Other nations change their currency regularly in an attempt to be socially relevant. Maynard-Knox Professor of Government and Law Frank Anechiarico states that, in contrast, the United States has had the same main figures on its paper currency since the 1920s, and even then only one or two people were different. Whether we choose to adopt the same principles and practices of routine change depends on what we view the purpose of historical figures on currency to be.

Anechiarico claims that this purpose is to “be a marker of what we consider to be socially and politically significant character traits and historical moments.” By those standards, he contends, Hamilton should absolutely not be taken off of our currency.

Many people are unaware of Hamilton’s “rags to riches” story. Contrary to popular belief, he was an immigrant, born in the Caribbean, and sponsored by his town to travel to the United States to study. As Winslow Professor of Classics Carl Rubino notes, Hamilton then became one of the country’s most skilled and egalitarian lawyers, founded the Bank of New York and the U.S.Coast Guard, hatched the ideas of implied powers and judicial review, and became the first secretary of the treasury. 

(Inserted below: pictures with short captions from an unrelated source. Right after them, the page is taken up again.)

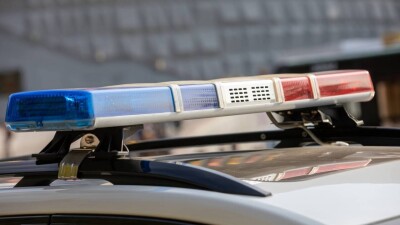 Узбекских вайнеров арестовали на 15 суток за ролик о полицейском, получающем взятку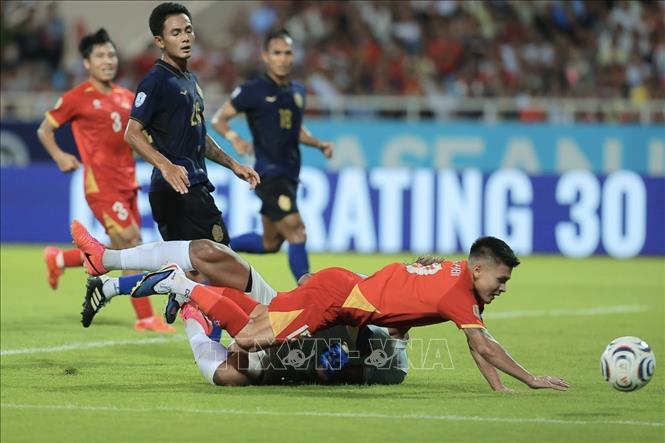 Kết thúc hiệp 1, đội tuyển Việt Nam tạm dẫn Campuchia 1 - 0 với bàn thắng duy nhất của Đình Bắc ở phút 18. Ảnh: Minh Quyết - TTXVN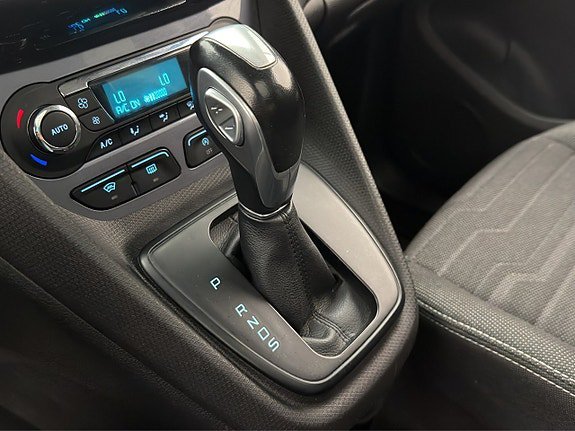 Vehicle Image 28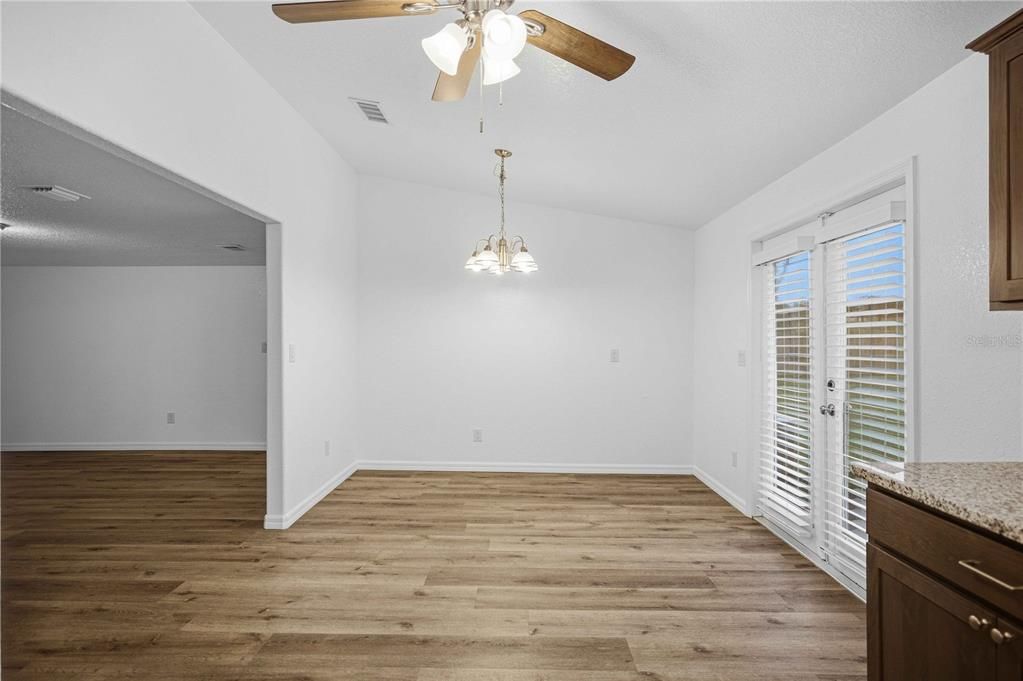 En Venta: $249,900 (3 camas, 2 baños, 1300 Pies cuadrados)
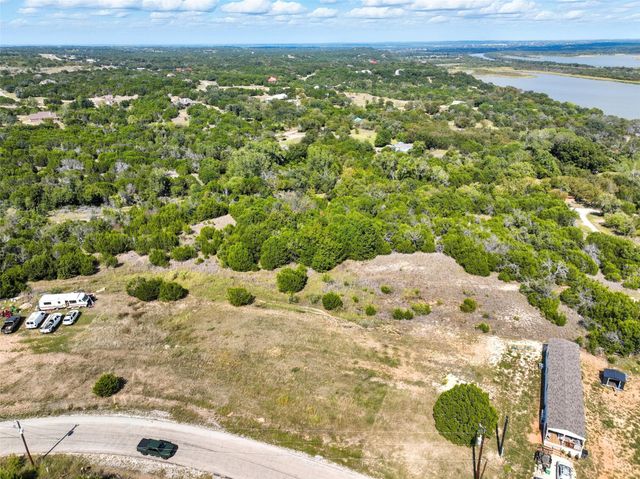 3102 Hilltop Court, Granbury, TX 76048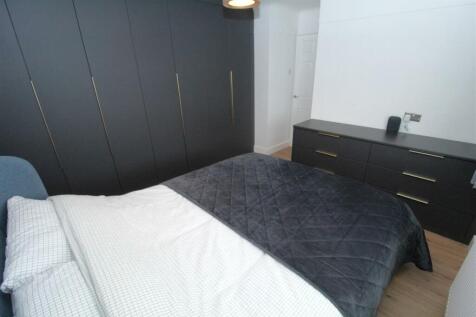Bed2b.JPG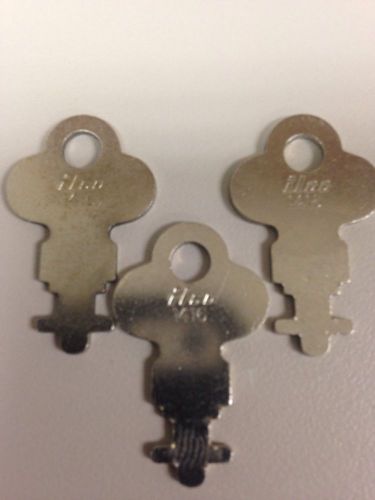 3 Paper Towel Dispenser Keys Made By ilco. Reinforce  Steel To Prevent Breaking
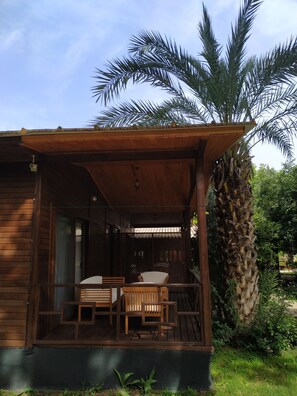 Terrace/patio - Olympos Yavuz Hotel (Kemer)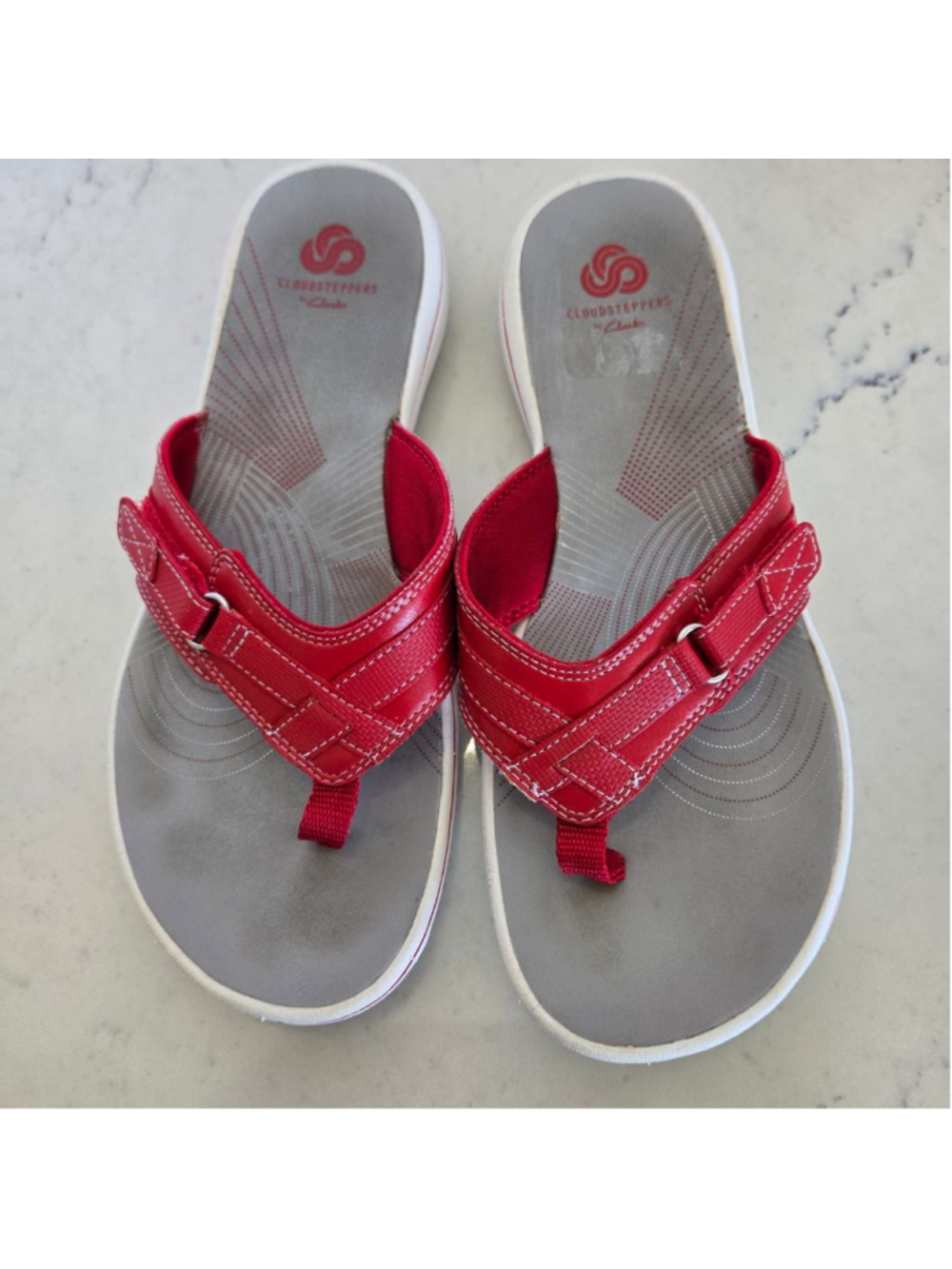 Women's Cloudsteppers by Clarks Red Gray Flip Flop Sandals Size 8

Hamilton was also a key figure in getting the Constitution ratified; Anechiarico notes that Hamilton “turned the tide in favor of the constitution” at the New York state convention. Rubino also points out that whereas other revolutionary leaders of  Hamilton’s time were slave-owners, such as Washington and Jefferson, Hamilton never owned slaves and was an avid abolitionist. 

Instead of taking Hamilton off of the $10 bill, Rubino suggests replacing Andrew Jackson on the $20 bill. Jackson does not embody current American ideals and was responsible for great atrocities in our history such as the Trail of Tears.  Anechiarico also suggested having one bill with all of our important historical figures, and leaving the other bills open for contemporary heroes. One final proposition is to start putting figures on both sides of currency, without removing anyone. 

Despite these suggestions, and the massive quantity of emails and letters Jack Lew has received, it appears that the decision will still be carried out. For those who feel strongly about this debate, the best way to get involved is to write to your Congress person or directly to Jack Lew.